[datatable-help] NAs introduced by coercion in rbindlist()
patricknic
patricknic at gmail.com
Sat Jan 5 00:18:54 CET 2013
Some output:
## NAs in bound data
> dt <- rbindlist(dtlist)
Warning messages:
1: In rbindlist(dtlist) : NAs introduced by coercion
2: In rbindlist(dtlist) : NAs introduced by coercion
3: In rbindlist(dtlist) : NAs introduced by coercion
4: In rbindlist(dtlist) : NAs introduced by coercion
5: In rbindlist(dtlist) : NAs introduced by coercion
6: In rbindlist(dtlist) : NAs introduced by coercion
## No NAs in list of data.tables
> sapply(dtlist, function(x) sum(is.na(x)))
[1] 0 0 0 0 0 0 0 0 0 0 0 0 0 0 0 0 0 0 0 0 0 0 0 0 0 0 0 0 0 0 0
[32] 0 0 0 0 0 0 0 0 0 0 0 0 0 0 0 0 0 0 0 0
## Summary of bound data.table
> summary(dt)
blockfips land_area water_area
Length:11083767 Min. :0.000e+00 Min. :0.000e+00
Class :character 1st Qu.:8.098e+03 1st Qu.:0.000e+00
Mode :character Median :2.478e+04 Median :0.000e+00
Mean :7.470e+05 Mean :5.782e+04
3rd Qu.:1.788e+05 3rd Qu.:0.000e+00
Max. :2.133e+09 Max. :2.112e+09
NA's :183 NA's :14
long lat
Min. :-179.13 Min. :18.91
1st Qu.: -99.74 1st Qu.:34.18
Median : -90.09 Median :38.64
Mean : -93.01 Mean :38.11
3rd Qu.: -82.07 3rd Qu.:41.73
Max. : 179.75 Max. :71.40
> Many thanks. I'll take a look. If you can find a way to narrow
> down the problem then it might be quicker to resolve. Does it
> happen with the first 2 items passed to rblindlist, the first
> 10, which one causes the NA? If each item is chopped to the
> first 2 rows, does it still happen?
>
> lapply(seq_along(dtlist), function(x) dtlist[[x]][, tab := x])
> dt2 <- rbindlist(dtlist)
Warning messages:
1: In rbindlist(dtlist) : NAs introduced by coercion
2: In rbindlist(dtlist) : NAs introduced by coercion
3: In rbindlist(dtlist) : NAs introduced by coercion
4: In rbindlist(dtlist) : NAs introduced by coercion
5: In rbindlist(dtlist) : NAs introduced by coercion
6: In rbindlist(dtlist) : NAs introduced by coercion
> dt2[which(apply(is.na(dt2), 1, any)), table(tab)]
tab
2 13 23 45 50
183 1 10 1 2
So, for the most part it's coming from the second list data.table.
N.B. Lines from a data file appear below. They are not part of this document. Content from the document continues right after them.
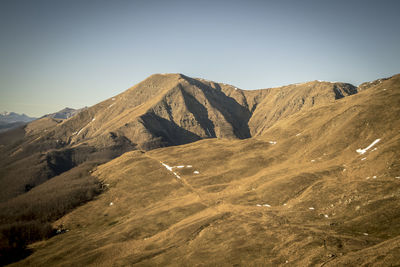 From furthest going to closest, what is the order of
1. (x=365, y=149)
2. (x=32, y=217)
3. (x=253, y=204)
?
(x=32, y=217) < (x=365, y=149) < (x=253, y=204)

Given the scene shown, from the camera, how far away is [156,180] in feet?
405

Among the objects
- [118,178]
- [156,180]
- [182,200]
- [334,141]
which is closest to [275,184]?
[182,200]

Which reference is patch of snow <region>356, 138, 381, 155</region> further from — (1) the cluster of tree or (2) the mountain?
(1) the cluster of tree

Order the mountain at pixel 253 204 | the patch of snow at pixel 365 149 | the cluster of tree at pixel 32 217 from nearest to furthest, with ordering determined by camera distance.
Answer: the mountain at pixel 253 204, the cluster of tree at pixel 32 217, the patch of snow at pixel 365 149

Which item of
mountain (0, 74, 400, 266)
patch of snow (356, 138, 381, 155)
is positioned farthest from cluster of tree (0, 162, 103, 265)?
patch of snow (356, 138, 381, 155)

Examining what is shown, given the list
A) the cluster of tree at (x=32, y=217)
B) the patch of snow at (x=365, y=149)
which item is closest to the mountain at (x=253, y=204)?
the patch of snow at (x=365, y=149)

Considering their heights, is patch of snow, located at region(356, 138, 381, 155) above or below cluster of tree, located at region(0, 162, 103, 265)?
above

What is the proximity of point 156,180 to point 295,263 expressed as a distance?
93710 mm

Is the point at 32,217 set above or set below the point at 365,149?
below

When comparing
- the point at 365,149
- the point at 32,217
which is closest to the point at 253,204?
the point at 365,149

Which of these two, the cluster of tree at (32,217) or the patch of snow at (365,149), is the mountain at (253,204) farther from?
the cluster of tree at (32,217)

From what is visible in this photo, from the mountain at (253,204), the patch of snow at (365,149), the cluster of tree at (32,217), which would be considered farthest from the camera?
the patch of snow at (365,149)

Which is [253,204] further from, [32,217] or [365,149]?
[32,217]

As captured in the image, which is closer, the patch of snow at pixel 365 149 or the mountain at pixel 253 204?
the mountain at pixel 253 204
> dtlist.first2 <- lapply(dtlist, function(x) x[1:2])
> dtlist.first10 <- lapply(dtlist, function(x) x[1:10])
> dtlist.first100 <- lapply(dtlist, function(x) x[1:100])
> dtlist.first1000 <- lapply(dtlist, function(x) x[1:1000])
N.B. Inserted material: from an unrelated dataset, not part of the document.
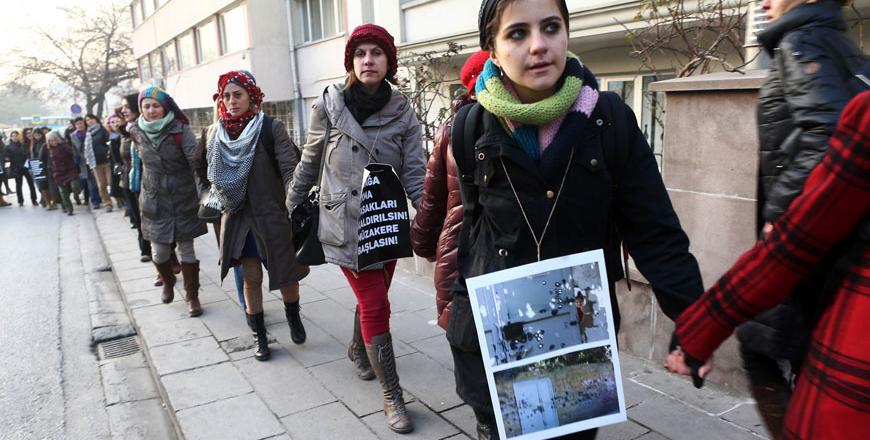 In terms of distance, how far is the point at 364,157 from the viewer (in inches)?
129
> dt.first2 <- rbindlist(dtlist.first2)
> dt.first10 <- rbindlist(dtlist.first10)
> dt.first100 <- rbindlist(dtlist.first100)
Warning message:
In rbindlist(dtlist.first100) : NAs introduced by coercion
> dt.first1000 <- rbindlist(dtlist.first1000)
Warning messages:
1: In rbindlist(dtlist.first1000) : NAs introduced by coercion
2: In rbindlist(dtlist.first1000) : NAs introduced by coercion
And NAs start getting introduced somewhere between 10 and 100 row
data.tables, which seems really low.
> Also if the list of data.table/data.frame passed to rbindlist
> is called L, and rbindlist(L) returns an NA column, does
> lapply(L, sapply, class) reveal any type differences?
>
> do.call("rbind", lapply(dtlist, sapply, class))
blockfips land_area water_area long lat
[1,] "character" "integer" "integer" "numeric" "numeric"
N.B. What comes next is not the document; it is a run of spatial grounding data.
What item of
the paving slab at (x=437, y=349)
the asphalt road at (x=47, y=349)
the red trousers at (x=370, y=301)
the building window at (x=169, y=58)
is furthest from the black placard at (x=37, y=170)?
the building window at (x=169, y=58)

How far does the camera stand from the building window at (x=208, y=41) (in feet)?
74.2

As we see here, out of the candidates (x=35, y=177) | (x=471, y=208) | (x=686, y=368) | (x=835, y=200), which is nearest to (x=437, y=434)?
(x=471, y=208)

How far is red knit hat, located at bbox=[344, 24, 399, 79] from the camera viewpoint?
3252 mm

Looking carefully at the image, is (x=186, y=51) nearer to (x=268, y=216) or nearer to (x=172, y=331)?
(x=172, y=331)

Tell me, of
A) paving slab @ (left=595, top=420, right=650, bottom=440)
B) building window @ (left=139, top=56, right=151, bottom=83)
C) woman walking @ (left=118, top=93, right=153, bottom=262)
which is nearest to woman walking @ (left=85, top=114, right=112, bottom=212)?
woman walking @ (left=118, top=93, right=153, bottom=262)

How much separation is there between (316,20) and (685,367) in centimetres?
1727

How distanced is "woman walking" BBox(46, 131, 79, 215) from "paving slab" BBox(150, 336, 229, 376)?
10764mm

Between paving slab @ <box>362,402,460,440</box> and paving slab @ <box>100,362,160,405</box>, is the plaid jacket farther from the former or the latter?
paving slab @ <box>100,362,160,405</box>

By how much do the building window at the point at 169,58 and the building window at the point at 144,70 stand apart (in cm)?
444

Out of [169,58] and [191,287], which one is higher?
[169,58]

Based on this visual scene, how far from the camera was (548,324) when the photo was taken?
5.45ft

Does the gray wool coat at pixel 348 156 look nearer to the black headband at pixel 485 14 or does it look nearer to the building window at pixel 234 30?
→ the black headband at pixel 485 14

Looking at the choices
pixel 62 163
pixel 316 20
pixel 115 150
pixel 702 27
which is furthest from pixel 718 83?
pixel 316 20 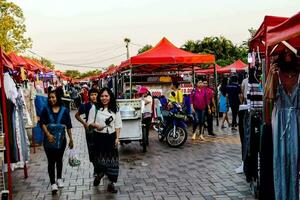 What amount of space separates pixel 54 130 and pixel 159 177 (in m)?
2.01

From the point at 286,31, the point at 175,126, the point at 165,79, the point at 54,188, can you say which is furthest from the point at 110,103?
the point at 165,79

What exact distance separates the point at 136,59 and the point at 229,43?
3299 cm

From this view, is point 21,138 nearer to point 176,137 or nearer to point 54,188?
point 54,188

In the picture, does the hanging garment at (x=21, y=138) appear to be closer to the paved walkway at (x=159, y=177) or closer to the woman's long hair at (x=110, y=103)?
the paved walkway at (x=159, y=177)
[2,] "character" "numeric" "numeric" "numeric" "numeric"
[3,] "character" "integer" "integer" "numeric" "numeric"
[4,] "character" "integer" "integer" "numeric" "numeric"
[5,] "character" "integer" "integer" "numeric" "numeric"
[6,] "character" "integer" "integer" "numeric" "numeric"
[7,] "character" "integer" "integer" "numeric" "numeric"
[8,] "character" "integer" "integer" "numeric" "numeric"
[9,] "character" "integer" "integer" "numeric" "numeric"
[10,] "character" "integer" "integer" "numeric" "numeric"
[11,] "character" "integer" "integer" "numeric" "numeric"
[12,] "character" "integer" "integer" "numeric" "numeric"
[13,] "character" "numeric" "integer" "numeric" "numeric"
[14,] "character" "integer" "integer" "numeric" "numeric"
[15,] "character" "integer" "integer" "numeric" "numeric"
[16,] "character" "integer" "integer" "numeric" "numeric"
[17,] "character" "integer" "integer" "numeric" "numeric"
[18,] "character" "integer" "integer" "numeric" "numeric"
[19,] "character" "integer" "integer" "numeric" "numeric"
[20,] "character" "integer" "integer" "numeric" "numeric"
[21,] "character" "integer" "integer" "numeric" "numeric"
[22,] "character" "integer" "integer" "numeric" "numeric"
[23,] "character" "integer" "numeric" "numeric" "numeric"
[24,] "character" "integer" "integer" "numeric" "numeric"
[25,] "character" "integer" "integer" "numeric" "numeric"
[26,] "character" "integer" "integer" "numeric" "numeric"
[27,] "character" "integer" "integer" "numeric" "numeric"
[28,] "character" "integer" "integer" "numeric" "numeric"
[29,] "character" "integer" "integer" "numeric" "numeric"
[30,] "character" "integer" "integer" "numeric" "numeric"
[31,] "character" "integer" "integer" "numeric" "numeric"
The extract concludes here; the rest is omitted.